Le Premier ministre sénégalais veut la réouverture du procès pour diffamation qui l’opposait à l’ex-ministre du Tourisme de Macky Sall, brandissant de nouveaux éléments qu’il qualifie de « décisifs ». Un nouvel acte dans une affaire à forte portée politique.



Le feuilleton judiciaire opposant Ousmane Sonko, actuel Premier ministre du Sénégal, à Mame Mbaye Niang, ex-ministre du Tourisme sous Macky Sall, connaît un nouveau rebondissement.

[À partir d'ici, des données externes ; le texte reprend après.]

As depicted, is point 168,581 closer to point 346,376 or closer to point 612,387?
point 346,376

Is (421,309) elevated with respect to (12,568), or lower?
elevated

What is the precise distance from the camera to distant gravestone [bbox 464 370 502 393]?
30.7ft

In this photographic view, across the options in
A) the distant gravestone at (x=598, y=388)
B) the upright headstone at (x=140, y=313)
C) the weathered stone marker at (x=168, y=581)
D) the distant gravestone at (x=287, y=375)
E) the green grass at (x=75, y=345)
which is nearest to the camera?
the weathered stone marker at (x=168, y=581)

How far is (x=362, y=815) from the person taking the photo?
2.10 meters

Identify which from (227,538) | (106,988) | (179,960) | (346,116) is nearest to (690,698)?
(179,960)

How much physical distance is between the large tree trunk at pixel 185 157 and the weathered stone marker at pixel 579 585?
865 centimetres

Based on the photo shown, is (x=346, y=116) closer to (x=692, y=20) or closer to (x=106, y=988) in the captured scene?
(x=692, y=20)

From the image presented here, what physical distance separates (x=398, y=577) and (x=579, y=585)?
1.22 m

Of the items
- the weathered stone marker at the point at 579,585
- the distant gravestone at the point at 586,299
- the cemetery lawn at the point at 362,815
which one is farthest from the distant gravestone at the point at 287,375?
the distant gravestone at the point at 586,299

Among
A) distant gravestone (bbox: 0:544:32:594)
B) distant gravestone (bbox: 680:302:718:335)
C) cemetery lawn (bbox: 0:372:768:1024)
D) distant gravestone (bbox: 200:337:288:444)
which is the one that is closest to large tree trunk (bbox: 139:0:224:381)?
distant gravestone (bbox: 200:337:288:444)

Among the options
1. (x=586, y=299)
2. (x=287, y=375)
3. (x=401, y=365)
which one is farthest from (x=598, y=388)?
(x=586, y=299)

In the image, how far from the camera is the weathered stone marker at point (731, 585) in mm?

Ce mercredi, Sonko a ordonné à ses avocats de saisir officiellement le ministère de la Justice pour présenter de nouveaux éléments de preuve en vue d’une réouverture du procès qui l’avait vu condamné pour diffamation en mars 2023.

Cette annonce intervient au lendemain du rejet par la Cour suprême de la requête en rabat d'arrêt de ses avocats, confirmant ainsi une condamnation à six mois de prison avec sursis et 200 millions FCFA de dommages et intérêts, prononcée par la Cour d’appel de Dakar en janvier 2024. La justice avait même assorti cette peine d'une contrainte par corps, une disposition juridique qui permet l’emprisonnement en cas de non-paiement.

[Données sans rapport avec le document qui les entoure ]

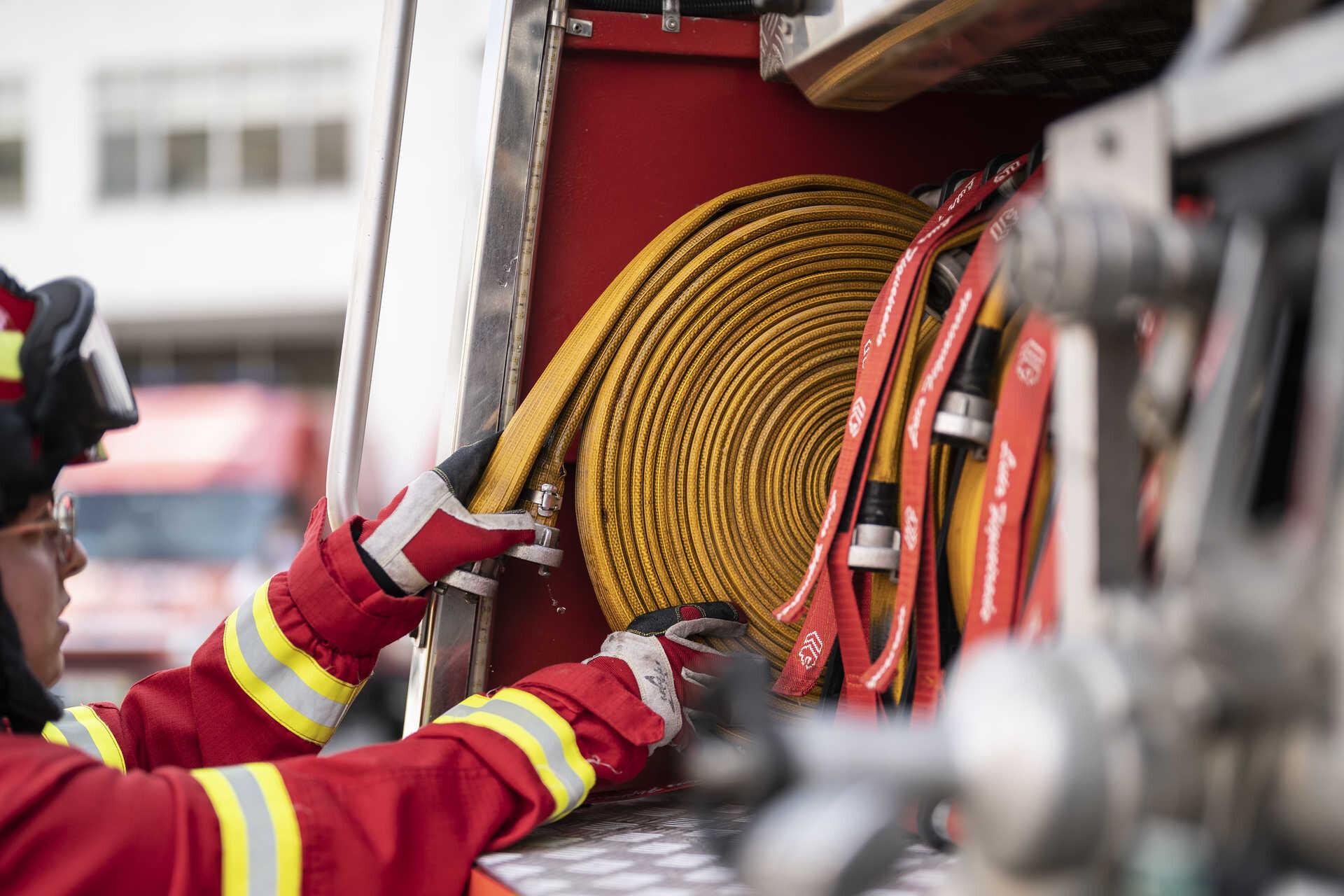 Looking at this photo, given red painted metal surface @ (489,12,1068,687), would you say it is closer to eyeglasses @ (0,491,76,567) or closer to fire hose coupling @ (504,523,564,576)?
fire hose coupling @ (504,523,564,576)

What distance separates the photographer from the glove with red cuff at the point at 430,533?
1651mm

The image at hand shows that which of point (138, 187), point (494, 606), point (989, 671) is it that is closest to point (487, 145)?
point (494, 606)

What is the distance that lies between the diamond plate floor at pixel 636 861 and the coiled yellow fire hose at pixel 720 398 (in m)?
0.31

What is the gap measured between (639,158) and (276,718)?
990mm

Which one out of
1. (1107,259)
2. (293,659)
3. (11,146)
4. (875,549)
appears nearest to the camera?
(1107,259)

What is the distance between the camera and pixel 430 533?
5.46 ft

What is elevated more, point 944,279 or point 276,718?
point 944,279

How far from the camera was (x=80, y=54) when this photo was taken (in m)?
13.4

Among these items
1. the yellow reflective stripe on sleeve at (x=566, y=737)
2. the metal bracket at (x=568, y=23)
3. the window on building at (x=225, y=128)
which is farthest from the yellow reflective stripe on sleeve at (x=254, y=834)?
the window on building at (x=225, y=128)

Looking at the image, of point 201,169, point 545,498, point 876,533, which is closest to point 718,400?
point 545,498

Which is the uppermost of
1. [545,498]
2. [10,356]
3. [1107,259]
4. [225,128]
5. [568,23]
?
[225,128]

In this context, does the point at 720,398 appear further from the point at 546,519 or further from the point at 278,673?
the point at 278,673

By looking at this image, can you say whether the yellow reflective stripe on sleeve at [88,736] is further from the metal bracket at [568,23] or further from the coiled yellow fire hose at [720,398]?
the metal bracket at [568,23]

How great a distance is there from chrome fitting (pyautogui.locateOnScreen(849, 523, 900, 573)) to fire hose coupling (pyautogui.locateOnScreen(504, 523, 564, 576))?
1.63ft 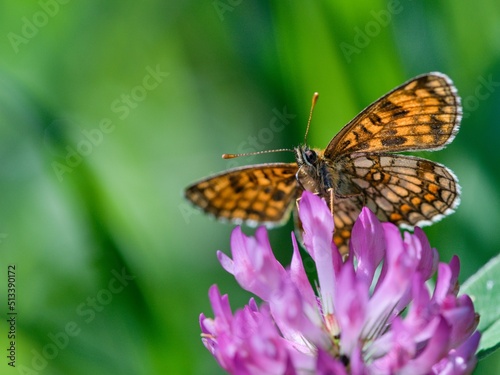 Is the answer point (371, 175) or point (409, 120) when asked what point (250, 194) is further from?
point (409, 120)

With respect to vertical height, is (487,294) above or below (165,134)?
below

À l’origine de cette affaire judiciaire explosive, des accusations de détournement de fonds portées par Sonko contre Niang. Il l’accusait d’avoir détourné près de 29 milliards FCFA dans le cadre du Programme des Domaines Agricoles Communautaires (PRODAC). Une charge grave que l’ancien ministre n’avait pas laissé passer, traduisant l’opposant en justice pour diffamation.

Mais aujourd’hui, c’est dans la peau de chef du gouvernement que Sonko revient à la charge. Il affirme que ce dossier, qu’il qualifie encore de procès politique, était une manœuvre de l’ancien régime de Macky Sall pour l’écarter de la présidentielle. « Nous disposons désormais d’éléments nouveaux qui changent fondamentalement la lecture du dossier », affirme un proche conseiller du Premier ministre. Ces éléments, dont la nature reste confidentielle pour l’instant, pourraient relancer un dossier judiciaire explosif, à l’heure où le Sénégal tente de tourner la page des tensions électorales.

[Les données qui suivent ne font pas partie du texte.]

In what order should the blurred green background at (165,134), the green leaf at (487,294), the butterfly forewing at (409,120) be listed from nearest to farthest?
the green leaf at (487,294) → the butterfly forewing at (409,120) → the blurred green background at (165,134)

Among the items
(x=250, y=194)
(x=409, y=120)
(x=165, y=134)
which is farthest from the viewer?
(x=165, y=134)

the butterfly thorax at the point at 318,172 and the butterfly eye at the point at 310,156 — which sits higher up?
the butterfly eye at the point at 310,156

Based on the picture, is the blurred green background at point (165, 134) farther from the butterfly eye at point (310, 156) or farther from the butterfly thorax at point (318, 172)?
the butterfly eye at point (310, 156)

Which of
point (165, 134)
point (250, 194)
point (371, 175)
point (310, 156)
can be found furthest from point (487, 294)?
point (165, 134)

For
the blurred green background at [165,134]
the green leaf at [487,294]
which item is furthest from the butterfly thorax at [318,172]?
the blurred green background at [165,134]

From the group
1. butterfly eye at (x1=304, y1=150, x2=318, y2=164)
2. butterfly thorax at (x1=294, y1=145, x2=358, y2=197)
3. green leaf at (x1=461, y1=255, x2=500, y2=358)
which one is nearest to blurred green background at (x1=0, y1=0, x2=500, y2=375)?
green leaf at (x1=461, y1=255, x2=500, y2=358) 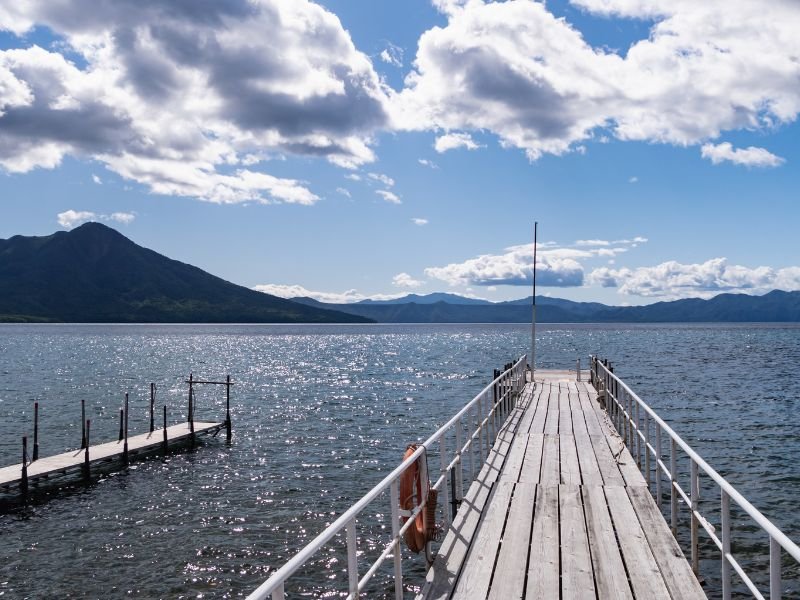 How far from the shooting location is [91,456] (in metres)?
24.9

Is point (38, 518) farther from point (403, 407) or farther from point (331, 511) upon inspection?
point (403, 407)

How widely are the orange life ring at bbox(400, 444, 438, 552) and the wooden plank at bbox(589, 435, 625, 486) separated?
4.45 m

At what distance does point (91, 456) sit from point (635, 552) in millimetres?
22786

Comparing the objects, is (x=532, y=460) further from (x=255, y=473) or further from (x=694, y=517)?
(x=255, y=473)

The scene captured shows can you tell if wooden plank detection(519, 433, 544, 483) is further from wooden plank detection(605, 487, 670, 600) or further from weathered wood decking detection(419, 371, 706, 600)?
wooden plank detection(605, 487, 670, 600)

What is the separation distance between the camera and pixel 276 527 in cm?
1761

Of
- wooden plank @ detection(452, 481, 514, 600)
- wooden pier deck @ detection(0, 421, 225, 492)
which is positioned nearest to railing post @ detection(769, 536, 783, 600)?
wooden plank @ detection(452, 481, 514, 600)

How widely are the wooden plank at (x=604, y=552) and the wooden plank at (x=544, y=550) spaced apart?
0.45 m

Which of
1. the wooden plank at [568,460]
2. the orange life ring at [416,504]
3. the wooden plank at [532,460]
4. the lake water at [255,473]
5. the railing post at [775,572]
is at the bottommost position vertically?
the lake water at [255,473]

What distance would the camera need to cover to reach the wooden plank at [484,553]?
702cm

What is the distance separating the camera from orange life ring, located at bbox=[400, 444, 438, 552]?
8.00 metres

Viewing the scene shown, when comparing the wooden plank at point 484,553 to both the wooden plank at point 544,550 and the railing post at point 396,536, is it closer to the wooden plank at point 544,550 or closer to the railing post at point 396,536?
the wooden plank at point 544,550

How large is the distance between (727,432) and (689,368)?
40.0 m

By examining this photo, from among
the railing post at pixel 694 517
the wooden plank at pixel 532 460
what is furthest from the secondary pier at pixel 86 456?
the railing post at pixel 694 517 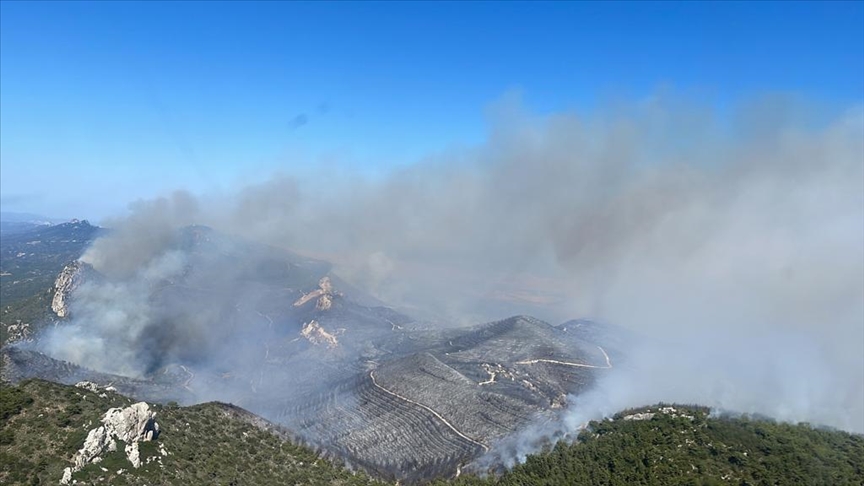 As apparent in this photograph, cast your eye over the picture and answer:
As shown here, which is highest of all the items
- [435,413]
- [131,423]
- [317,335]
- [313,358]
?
[317,335]

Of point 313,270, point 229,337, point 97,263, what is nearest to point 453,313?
point 313,270

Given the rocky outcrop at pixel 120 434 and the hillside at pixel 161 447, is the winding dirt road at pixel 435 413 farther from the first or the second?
the rocky outcrop at pixel 120 434

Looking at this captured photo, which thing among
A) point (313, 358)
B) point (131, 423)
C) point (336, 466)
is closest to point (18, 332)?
point (313, 358)

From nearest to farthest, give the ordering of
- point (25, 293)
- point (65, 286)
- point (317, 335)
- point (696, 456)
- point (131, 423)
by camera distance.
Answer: point (131, 423)
point (696, 456)
point (317, 335)
point (65, 286)
point (25, 293)

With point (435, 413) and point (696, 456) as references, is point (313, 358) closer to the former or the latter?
point (435, 413)

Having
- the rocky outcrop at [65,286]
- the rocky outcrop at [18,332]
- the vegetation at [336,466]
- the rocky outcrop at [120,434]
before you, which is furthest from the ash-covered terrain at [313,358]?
the rocky outcrop at [120,434]

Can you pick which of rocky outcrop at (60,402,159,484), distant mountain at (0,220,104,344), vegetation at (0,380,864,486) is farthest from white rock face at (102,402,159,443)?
distant mountain at (0,220,104,344) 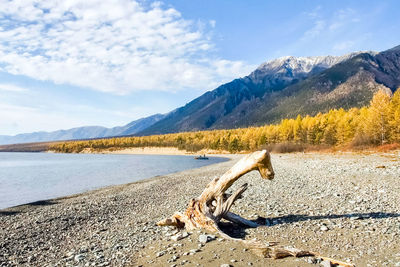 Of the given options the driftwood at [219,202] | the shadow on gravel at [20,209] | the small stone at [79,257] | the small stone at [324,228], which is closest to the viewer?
the small stone at [79,257]

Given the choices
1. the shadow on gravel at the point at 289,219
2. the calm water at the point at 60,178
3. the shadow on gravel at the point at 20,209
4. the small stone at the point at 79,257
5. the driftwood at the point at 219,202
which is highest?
the driftwood at the point at 219,202

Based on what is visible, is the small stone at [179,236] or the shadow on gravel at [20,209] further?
the shadow on gravel at [20,209]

L’affaire Sonko-Niang symbolise à elle seule les fractures encore vives entre l’ancien pouvoir et les nouvelles autorités issues de l’alternance de mars 2024. Alors que le président Bassirou Diomaye Faye prône une refondation des institutions et une justice plus équitable, ce rebondissement pourrait raviver les défis liés à l’indépendance du pouvoir judiciaire dans un pays encore marqué par des années de dérives politico-judiciaires.

Du côté de Mame Mbaye Niang, l'ancien ministre reste discret, préférant laisser ses avocats gérer le volet médiatique. Mais plusieurs observateurs estiment que l’homme, encore influent dans les milieux politiques de l'ancien régime, pourrait user de ses réseaux pour contrer toute tentative de révision.

Cette demande de réouverture du procès s’inscrit aussi dans une volonté de réhabiliter l’image du Premier ministre, longtemps salie par les condamnations judiciaires qui avaient alimenté de virulents débats sur sa légitimité électorale et sa participation à la vie publique.

Entre enjeux politiques, quête de vérité et stratégie de reconquête judiciaire, l’affaire Sonko-Niang continue d’alimenter les passions au Sénégal. Le pays reste suspendu à une éventuelle décision du ministère de la Justice, qui devra trancher entre l’État de droit et les pressions du passé.